L’impact du microbiote intestinal dans la maladie d’Alzheimer
MicAD - Impact du microbiote sur le dysfonctionnement synaptique précoce dans le modèle murin de la maladie d’Alzheimer au stade pré-symptomatique
100 000 €
La docteure Krantic a exploré le rôle du microbiote intestinal dans les mécanismes précoces de la maladie d'Alzheimer afin de déterminer si sa modification pouvait influencer l'évolution de la maladie.
De plus en plus de recherches montrent que le cerveau n’est pas isolé du reste du corps. Parmi les pistes explorées, le microbiote intestinal qui pourrait être impliqué dans la maladie d’Alzheimer.IL s’agit de l’ensemble des micro-organismes présents dans notre intestin.

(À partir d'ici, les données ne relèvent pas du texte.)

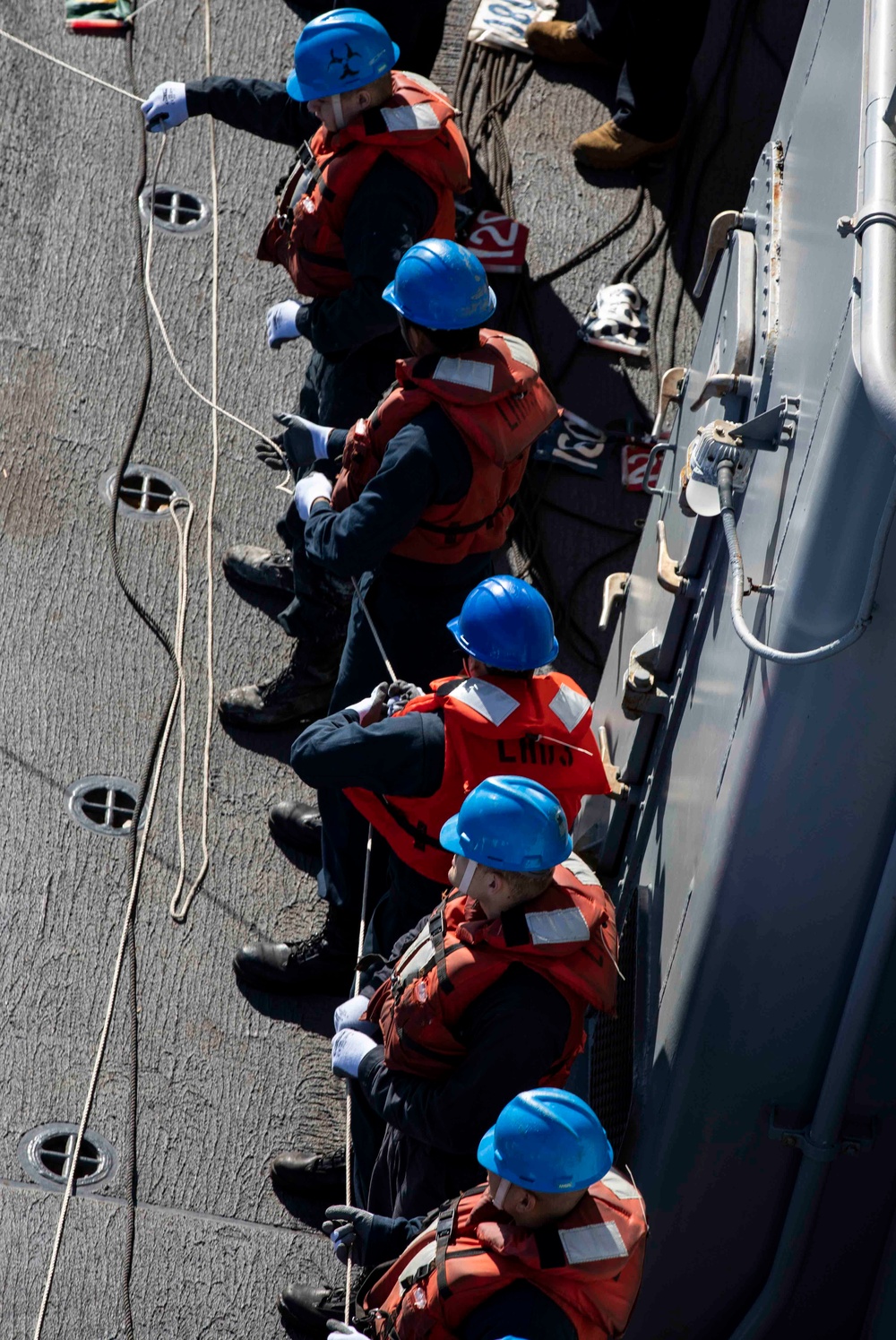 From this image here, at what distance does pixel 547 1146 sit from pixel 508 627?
146 centimetres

Il pourrait en effet jouer un rôle dans la maladie d’Alzheimer.
Le projet du docteur Krantic Slavica et son équipe, soutenu par l’association France Alzheimer s’est intéressé à cette connexion encore mal connue, en étudiant ce qui se passe très tôt dans la maladie, avant même l’apparition des premiers symptômes. L’objectif est de comprendre si agir sur le microbiote pourrait influencer le développement de la maladie à ses débuts.

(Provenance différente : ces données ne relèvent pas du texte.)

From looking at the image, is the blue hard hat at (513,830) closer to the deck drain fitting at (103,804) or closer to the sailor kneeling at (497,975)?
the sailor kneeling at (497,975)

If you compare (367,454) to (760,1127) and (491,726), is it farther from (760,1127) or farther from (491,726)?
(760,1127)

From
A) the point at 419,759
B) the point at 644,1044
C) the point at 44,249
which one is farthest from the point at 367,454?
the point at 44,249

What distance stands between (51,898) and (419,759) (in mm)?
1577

Les résultats obtenus ouvrent des perspectives nouvelles. Chez des modèles expérimentaux, les chercheurs ont observé qu’une modification précoce du microbiote intestinal pouvait avoir des effets bénéfiques sur le cerveau. Elle est notamment associée à une diminution de certaines lésions caractéristiques de la maladie et à une amélioration du fonctionnement des neurones, en particulier dans les régions impliquées dans la mémoire.
Plus précisément, ces travaux montrent que cette intervention pourrait améliorer la communication entre les neurones, un mécanisme essentiel au bon fonctionnement de la mémoire. Fait marquant, ces effets positifs sont observés principalement chez les mâles, tandis que des effets différents, voire opposés, apparaissent chez les femelles.

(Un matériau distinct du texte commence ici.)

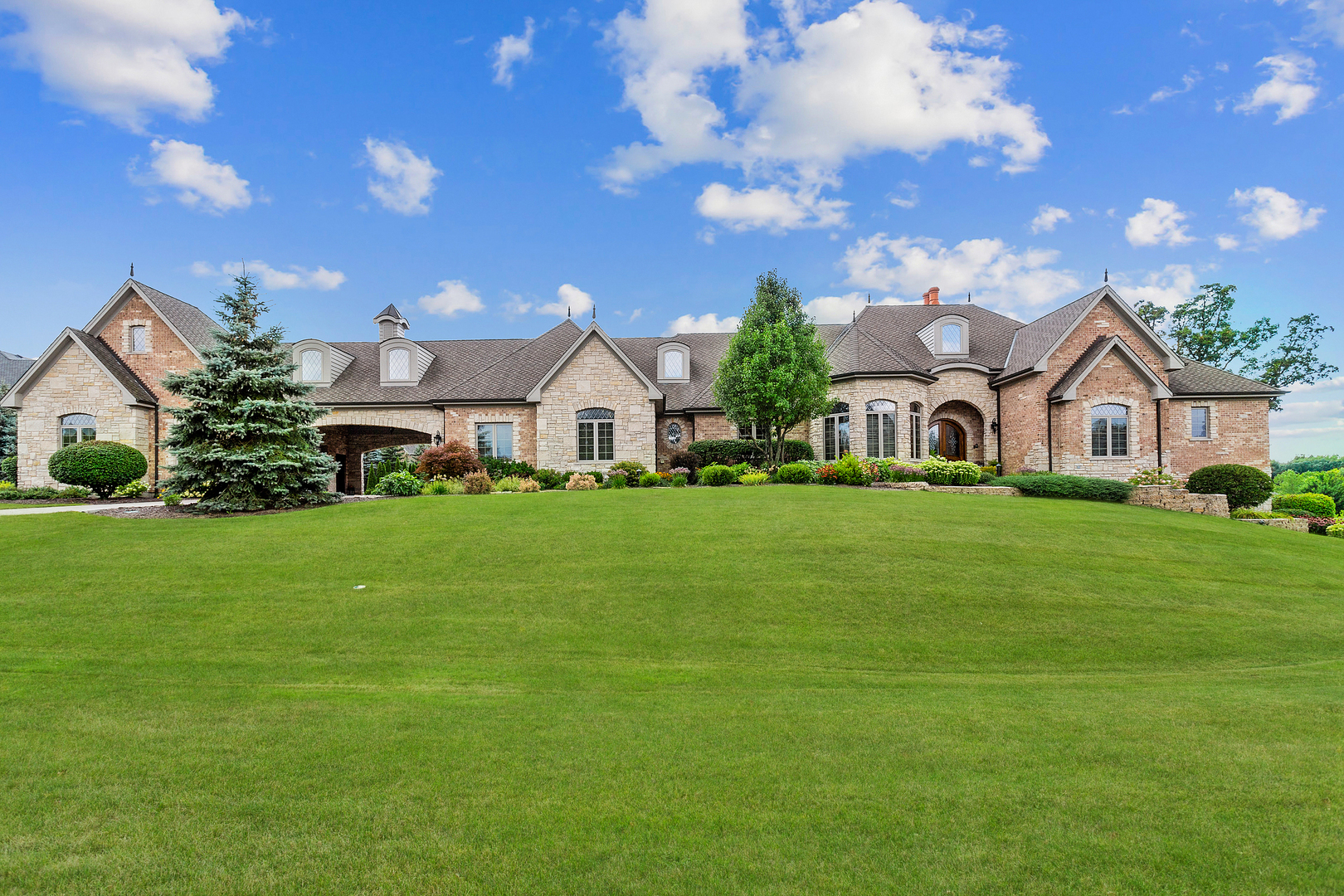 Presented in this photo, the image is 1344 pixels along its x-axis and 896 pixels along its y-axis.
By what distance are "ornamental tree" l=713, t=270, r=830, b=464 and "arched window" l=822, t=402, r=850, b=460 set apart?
3.85 ft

« C’est primordial de faire les essais pré-cliniques chez les deux sexes car ce n’est pas parce que ça n’a pas marché chez les femelles du modèle animale que ça ne marchera pas chez les femmes », insiste la docteure Krantic.
Ces résultats soulignent un point important encore trop peu pris en compte : la nécessité de mieux considérer les différences entre les sexes dans la recherche sur la maladie d’Alzheimer, Ils mettent aussi en lumière le potentiel d’approches simples, non invasives et peu coûteuses pour agir très en amont de la maladie.